Since 1966 there have only been five other hurricane seasons with as little activity as this season.
what you need to know
- Some seasons end more actively after slow starts
- Even the least active years can still produce devastating cyclones
- Research is ongoing to determine other factors affecting tropical seasons
Since the beginning of the modern satellite era, the years 1967, 1977, 1984, 1988, and 1992 have been the slowest starts to the Atlantic hurricane season. 2022 is now in this group as activities have been very limited so far.
In the graph below, note that the green line is where we are now and the dotted black line is the 30-year average of Atlantic tropical activity.
The best way to compare tropical seasons is to look at something called Accumulated Cyclone Energy (ACE). Comparing seasons based on the number of storms is not reliable, as there can be years with numerous weak storms that have very little impact, and then there can be years with only a handful of storms, but when it’s around big storms, if they are it can have a much bigger impact.
This is where the ACE index comes into its own. It gives us a better comparison of how each season stacks up against others.
The chart below shows that the ACE Index exhibits natural fluctuations, with some years being less active and other years being much more active. Note that the active years 2004, 2005, and 2017 are different on the chart.

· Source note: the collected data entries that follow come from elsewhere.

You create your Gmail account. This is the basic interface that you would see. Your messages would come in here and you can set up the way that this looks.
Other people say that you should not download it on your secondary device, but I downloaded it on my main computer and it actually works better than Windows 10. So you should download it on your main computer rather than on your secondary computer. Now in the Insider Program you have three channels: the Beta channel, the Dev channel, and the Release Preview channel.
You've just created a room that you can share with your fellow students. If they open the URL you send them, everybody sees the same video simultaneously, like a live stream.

So what does this mean for the rest of this hurricane season? A slow start doesn’t always guarantee a slow finish as there have been a few years where activity really ramped up in the second half.
Also, keep in mind that a less active time of year doesn’t mean a major hurricane won’t impact the country. “It only takes one” is a common phrase you’ll hear us say at our Weather Center.

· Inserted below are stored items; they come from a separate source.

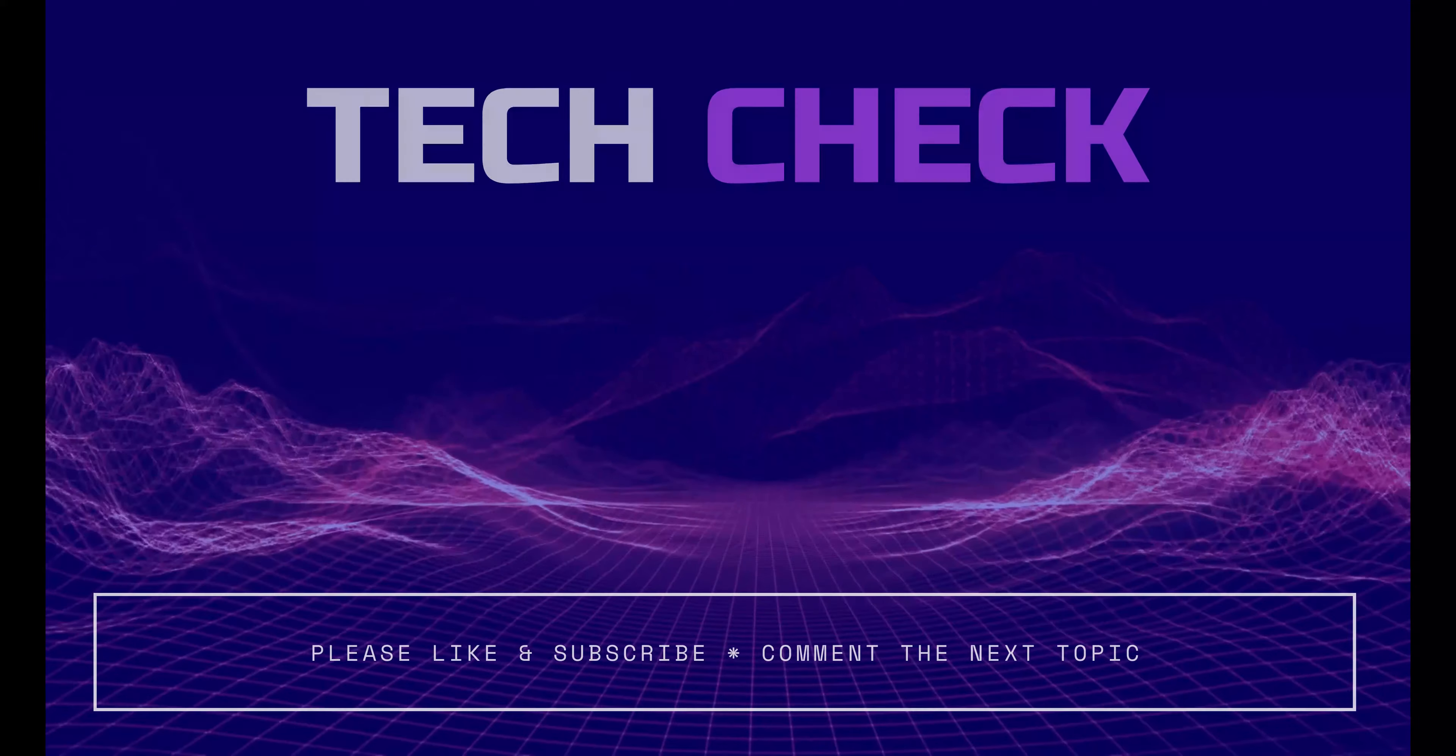Subscribe for more, thanks for watching. Please like, comment, and subscribe to our YouTube channel Tech Check.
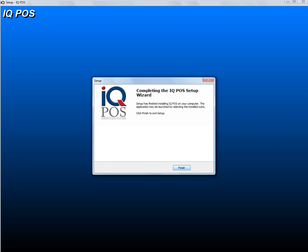Once the installation is complete, I will also show you how to do the upgrade. Remember, if it's not a first-time installation, before you run this installation file, close IQ POS, make sure all the users are locked out, and make sure you've got a good backup. Then you can run the exe. Always run it on the same server in the same location.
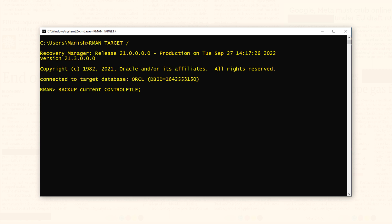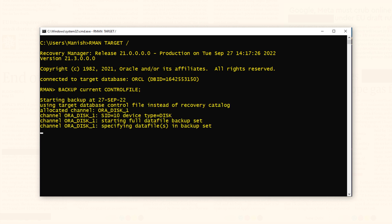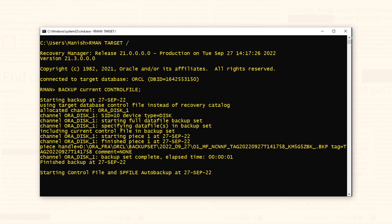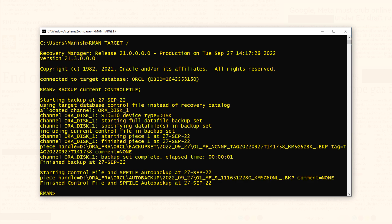Since I have configured my backup location to FRA, in my case this backup will be saved there. Let's execute. Backup done. That is how we take the backup of control files manually in the Oracle database.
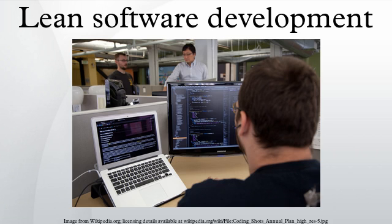Lean software development is a translation of lean manufacturing and lean IT principles and practices to the software development domain. Adapted from the Toyota production system, a pro-lean subculture is emerging from within the agile community.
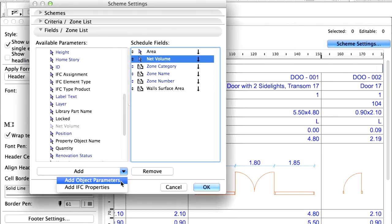We would also like the schedule to show the floor finish used in the rooms, but that parameter is not listed here. So let's click on Add Objects parameters.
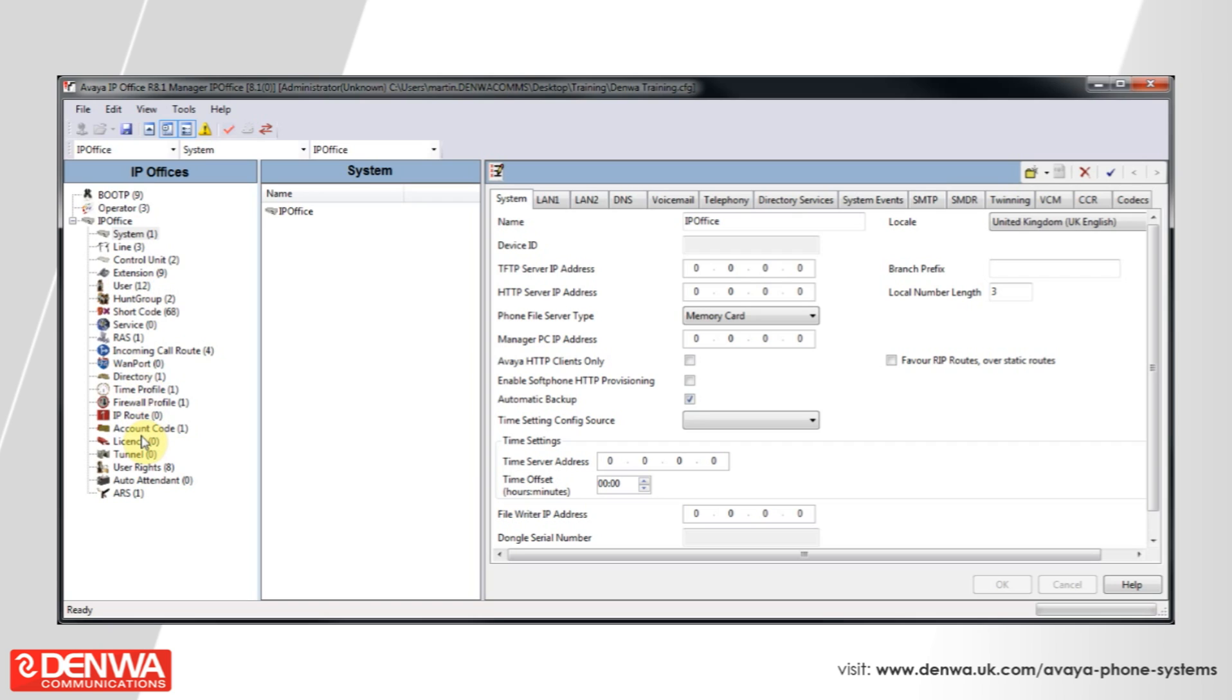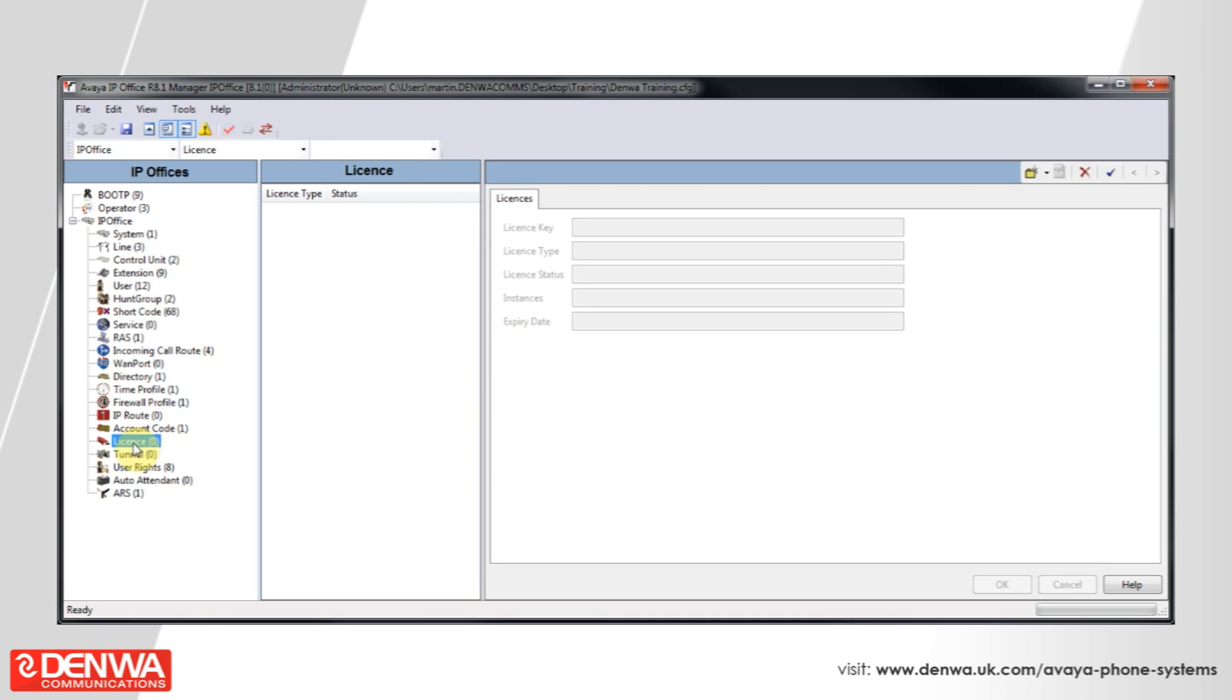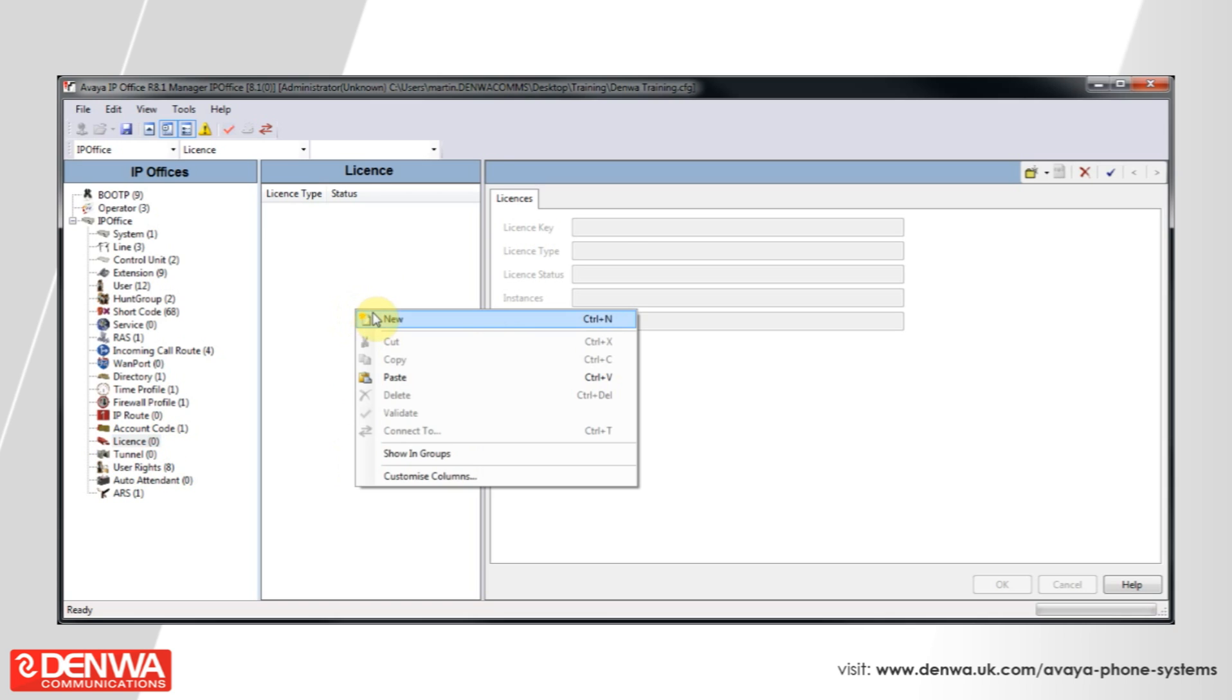You'll then be presented with a screen that looks like this. Towards the bottom left of the screen you'll see a section called license. Select it and in the center pane right click and select new.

In the less active seasons of 1967, 1977, 1984, 1988, and 1992, there was an example of a strong hurricane in each of those seasons.
In 1988, Hurricane Gilbert was one of the strongest Category 5 hurricanes on record and made landfall in the Yucatan Peninsula of Mexico. In 1992, Category 5 Hurricane Andrew made landfall in Florida, although the season as a whole was calm.
In the chart below, the red lines show how Seasons progress when they start with less than 50% ACE up to that point. Only four seasons performed well above average.
It will be interesting to see if this can be one of those seasons that excels after a slow start. Keep in mind that our advanced satellite technology allows us to see many more storms than we could 20 years ago, making it easier to increase ACE numbers even during slower seasons.
That being said, there are many atmospheric conditions that appear to be inhibiting tropical activity that were not well predicted prior to this season. A lot of dry air comes out of Africa.
There have also been several upper level lows in the Atlantic that have created wind shear that prevents hurricane growth. These factors can change on a weekly basis, which can dictate how the last half of the season turns out.
Although water temperatures are warm, this is a perfect example of how hurricane season isn’t just dependent on water temperatures. There are many other variables.
Some of these variables are still being explored today. There are oscillations and wave patterns circling the globe in weekly and monthly cycles that we still don’t fully understand. More research in these areas will lead us to better understand long-term tropical predictions in the future.